Vince Vaughn and Owen Wilson team up once again to play two laid-off watch salesmen desperate to find a meaningful job in The Internship.
Billy McMahon (Vaughn) and Nick Campbell (Wilson) were riding high as top sales reps for a big-ticket watch company when they suddenly find themselves without a job, without a market and with dubious skills. While searching for options, Billy decides their best chance lies in trying out for an internship at Google. This is a typical fish-out-of-water story because Billy and Nick are ill-prepared for the massive culture shock involved in the generational jump they’ve embarked on. Everything they know is useless here. Even the act of simple dialogue is complicated by the dramatic differences in terms, mind-set and pop culture references of a generation at least 20 years younger.
The film must have seemed like a slam dunk for Google. It plays like a two hour-long commercial for joining their company. We see their main campus — replete with colorful free bikes, nap pods, free food and drink, sliding boards and more. Actual work seems miles away. The problem is that any college student seeing it is likely to spend more time thinking about working at Google and entirely ignoring the plot. To make matters worse, there just aren’t any decent jokes throughout the entire film. Vaughn and Wilson not only play fish-out-of-water characters but look entirely lost in the script itself — and painfully so. Like a typical Google search, the first quarter gives us some interesting results but the rest leads us to a bunch of 404 page errors.
There are a number of subplots, but none of them matter or work. Nick has a crush on a Google manager, but we never believe in the attraction or viability of it from either side. There’s also a very creepy interaction between Vaughn and the one girl on their team; it’s entirely cringe-worthy. Max Minghella plays their main adversary, but it is so full of cliches and caricature that we tire of him almost instantly.

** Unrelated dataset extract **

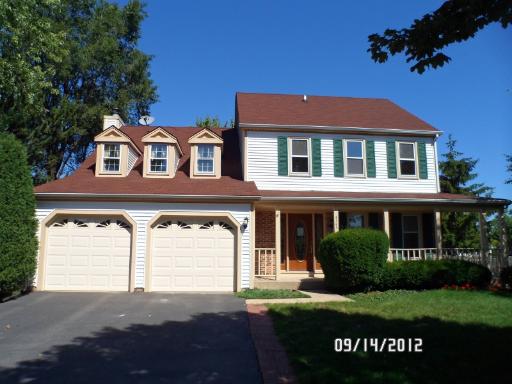 4345 Lombardy Ln., Hoffman Estates, IL 60192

I love Aasif Mandvi, but his manager’s character is paper thin and never really gets a chance to shine. Josh Gad plays a strange, geeky, almost ethereal character that doesn’t work. The film even finds a way to make John Goodman look terrible as the duo’s original boss. There’s another uncredited cameo by a comic star I rarely enjoy who shows up to play Nick’s temporary boss in a way that’s extremely predictable and not funny.
As a Google recruitment tool, this is a five-star effort. As a comedy, someone should have taken the time to search for some decent jokes and a better script.